Claire responded within seconds, her voice soft and musical but clear enough to carry over the gurgling water.
“Cyrene here. Go ahead, Diamond.”
“Just wanted to let you know I’m in place.”
“Roger that. We saw there was some weather off the coast of California. How was your flight?”
“Long. Bumpy. Tiring.”
“What’s your status vis-à-vis the target?”
“We’re still on for our first face-to-face at four o’clock local.” Jordan hesitated for a moment. “I’ve made contact with Scott.”
“Anything to report?”
“No.”
She saw no need to advise Clair that the handsome bastard could still put a hitch in her step. After confirming the time frame for her next transmission, she dumped a generous helping of the resort’s frangipani bath salts into the tub, stripped off and indulged in a long hot soak.
Refreshed and revived, she pulled on ecru lace briefs and a matching half-cup bra. Strappy sandals, linen slacks and a short-sleeved silk jacket in an eye-popping red gave her just the right mix of casual and professional.
Once dressed, she peeled the adhesive backing off a flat disc the size of a dime and stuck it to the underside of an Oriental ginger jar. The device was simple, an off-the-shelf bug that Mackenzie had beefed up to detect both noise and movement. It transmitted signals to Jordan’s laptop, which required a special code to view. With the device in place, she used the short wait for Danny to gather her thoughts and prepare for the upcoming meeting.
The Hawaiian chattered cheerfully during the drive to the Tranquility Institute’s global headquarters. Jordan listened with half an ear while checking out the approach. Manicured lawns surrounded the low, two-story building. Scattered palms rustled gently in the late-afternoon breeze. Even the roar of the sea was muted, as if in deference to the master’s desire for serenity and peace.
The interior reflected the same simplicity. Potted banyans and rubber-tree plants with glossy green leaves added the only color to an airy vestibule with glass walls and a cream-colored tile floor. A receptionist greeted Jordan cheerfully and summoned the institute’s business manager.
The trim, bald individual who appeared a moment later introduced himself as Duncan Myers. “I’m Mr. Greene’s financial adviser. Since you’ve come with what sounds like an intriguing business proposal, Bartholomew asked me to sit in on your meeting.”
That was fine with Jordan. The more she could learn about Greene’s operation, the better. She followed Myers to a large conference room fronted by a glass wall that encompassed an endless expanse of sea and sky.
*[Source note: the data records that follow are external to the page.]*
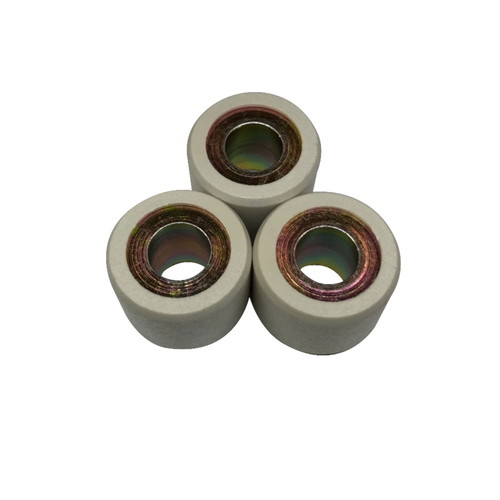 まとめ売り（20/15/10/5/2.5kg×各2枚）【たけ】 スーパーウエイトローラー バイク - 3個入 21.0g 20×15 ウエイトトレーニング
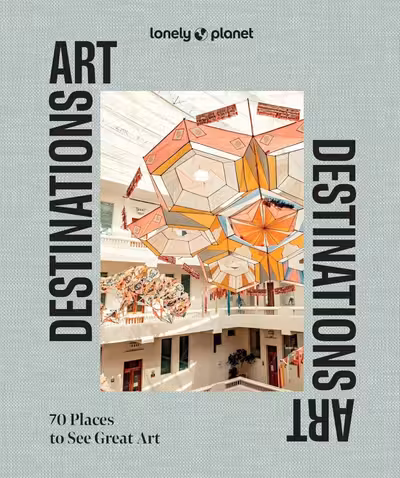 Lonely Planet - Art Destinations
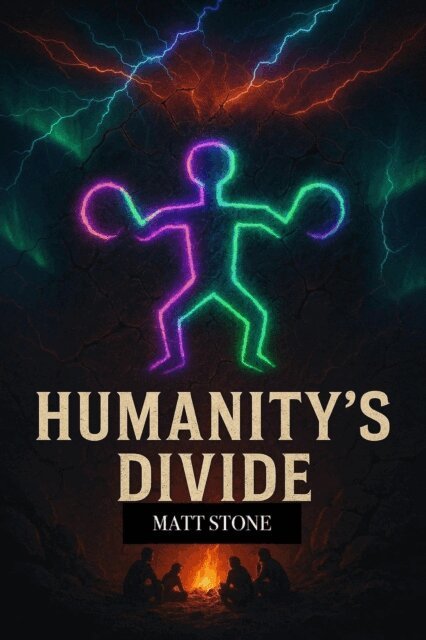 Matt Stone - Humanity's Divide, E-bok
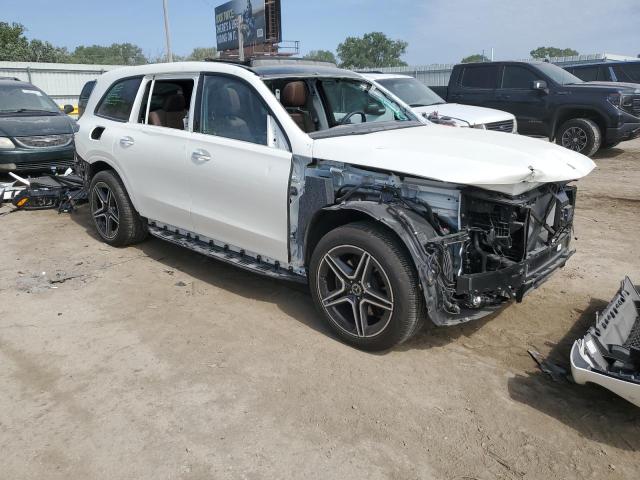 Vin: 4jgff5ke6rb034343, lot: 58377245, mercedes-benz gls-class 450 4matic 20244
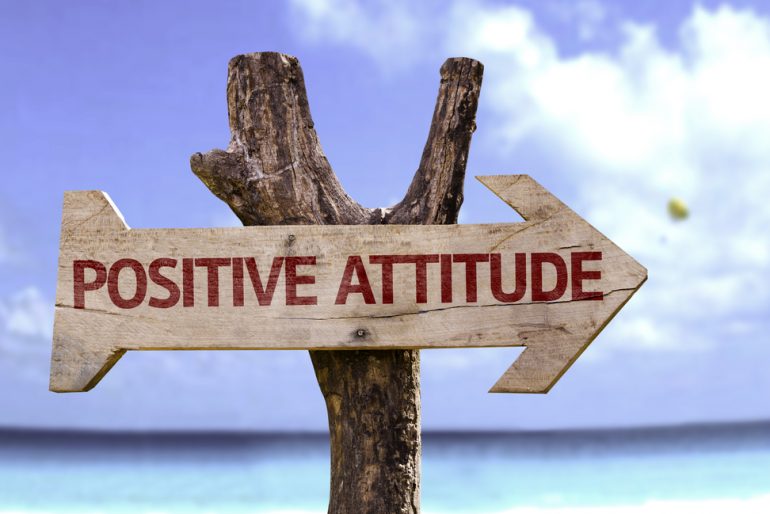 Struggle with maintaining a positive attitude? These 6 easy tips can help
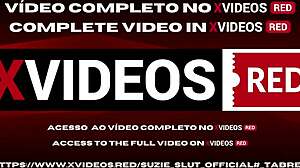 Suzie Slut Gives It To Cruz Fox In The Bedroom!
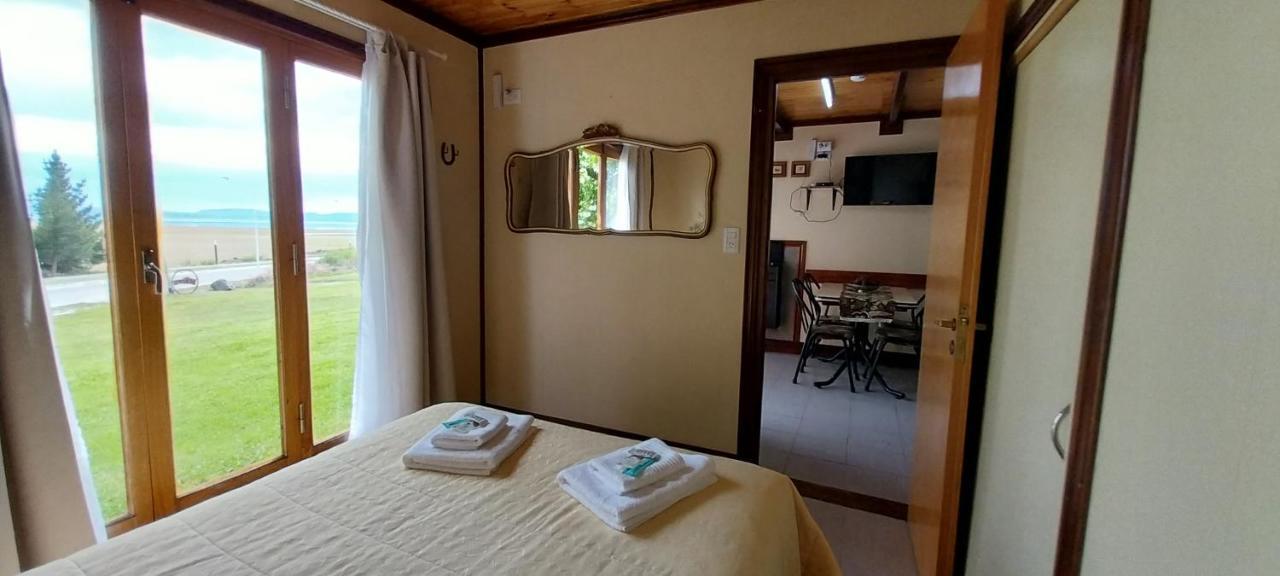 Cabanas Oyikil El Calafate Extérieur photo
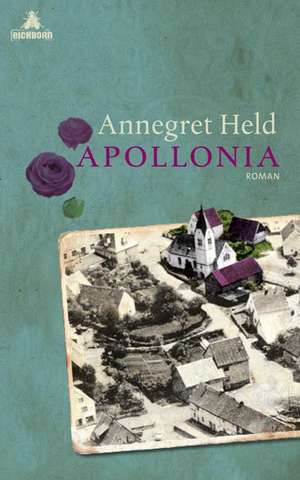 Apollonia de Annegret Held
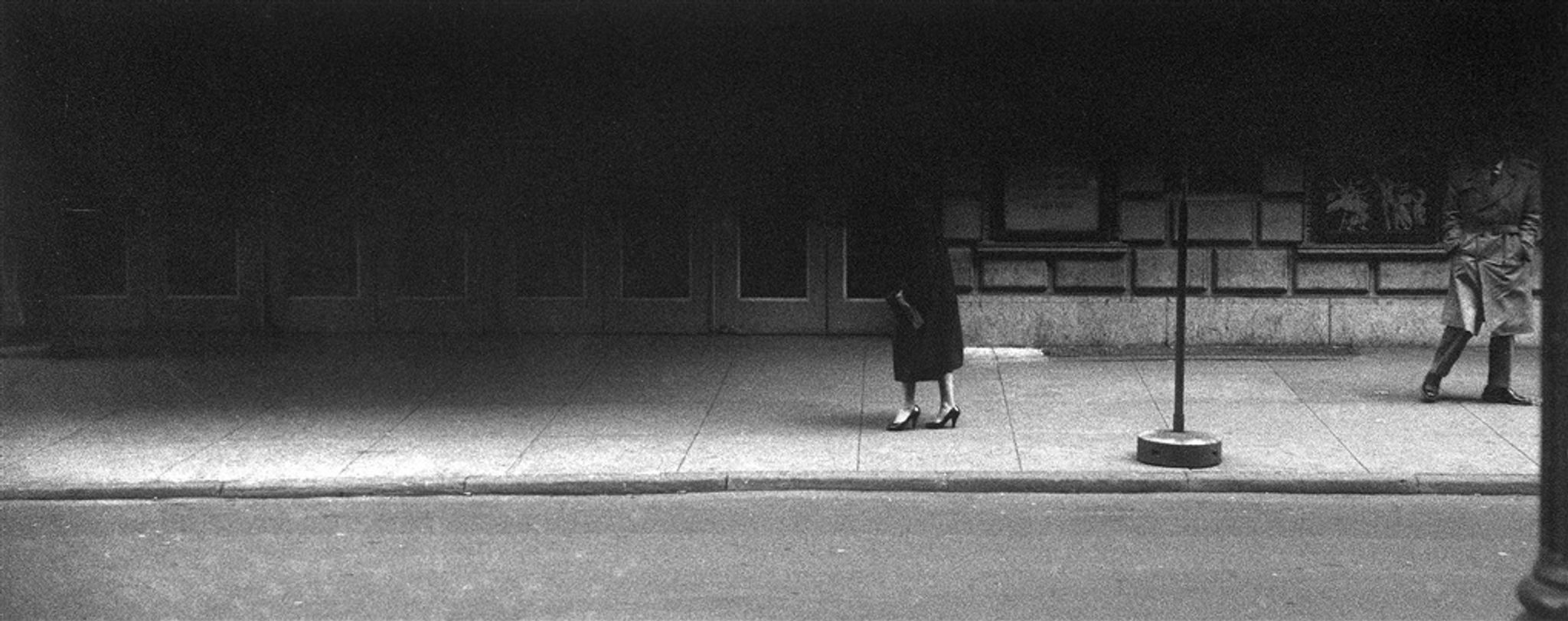 Street Encounter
The opposite wall, she noted with deliberately casual interest, displayed a world map. Glowing round emeralds depicted each of the Tranquility Institute’s far-flung satellite cells. Home base here in Hawaii got what looked like at least fifty carats.
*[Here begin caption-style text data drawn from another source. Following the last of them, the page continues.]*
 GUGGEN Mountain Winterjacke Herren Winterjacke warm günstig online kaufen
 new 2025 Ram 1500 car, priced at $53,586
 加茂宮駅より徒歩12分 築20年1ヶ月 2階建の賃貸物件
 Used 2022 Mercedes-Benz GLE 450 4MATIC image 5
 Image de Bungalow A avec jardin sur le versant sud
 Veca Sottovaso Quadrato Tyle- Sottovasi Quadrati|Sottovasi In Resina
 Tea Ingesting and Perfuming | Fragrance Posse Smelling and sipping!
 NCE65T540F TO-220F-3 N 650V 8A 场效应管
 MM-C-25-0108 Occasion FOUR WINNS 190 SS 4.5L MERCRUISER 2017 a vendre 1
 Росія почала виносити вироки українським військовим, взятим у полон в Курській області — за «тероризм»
The sound of footsteps signaled Bartholomew Greene’s arrival. Sandy haired and medium sized, the man appeared even younger than his PR photos. He wore all white—white shoes, white slacks, white safari-style shirt, probably to showcase the pendant dangling around his neck. Its gold bezel featured a square-cut emerald with a color and clarity that took Jordan’s breath away.
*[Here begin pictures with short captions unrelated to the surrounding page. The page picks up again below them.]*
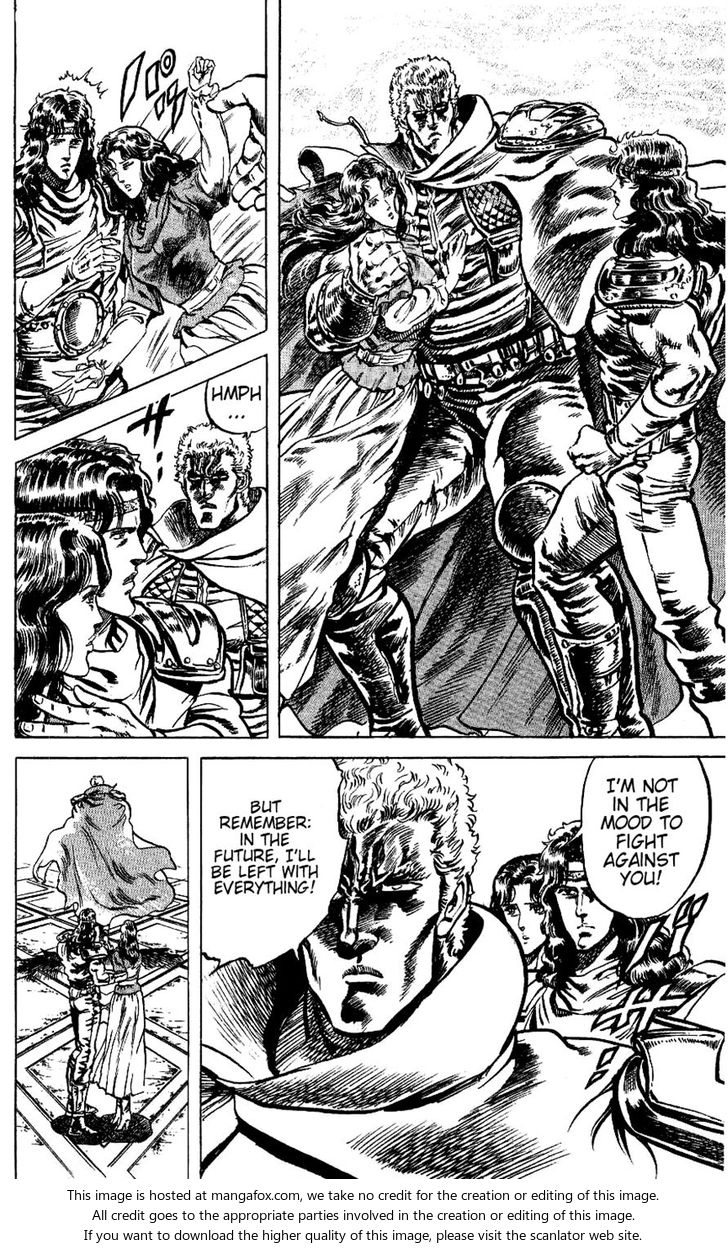 Read Fist of the North Star en Manga Online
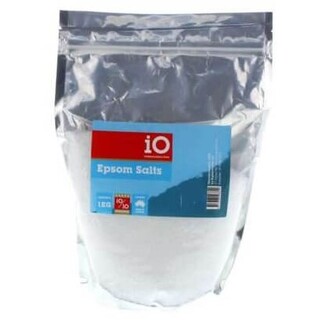 iO Epsom Salts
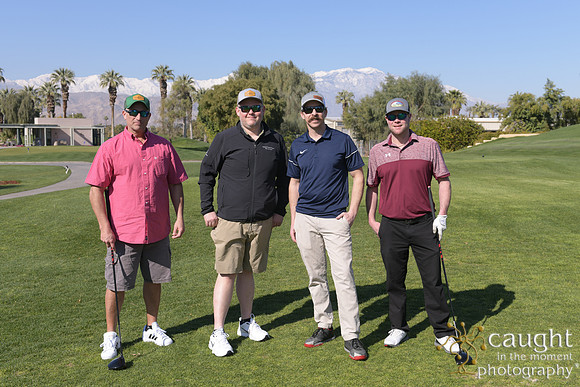 299 INO Burger Foundation Golf Tournament - JW Marriott Valley Course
Wrenching her gaze from the pendant, she looked into eyes almost as bright and green as the dazzling stone. Tinted contacts, she guessed as the target came forward with both hands outstretched.
“Ms. Colby. Welcome to the Tranquility Institute.”
“Thank you.”
“I hope you—”
Greene broke off. His welcoming smile faded. Frowning, he glanced down at their clasped hands. When he raised those startling eyes again, they held a gentle concern.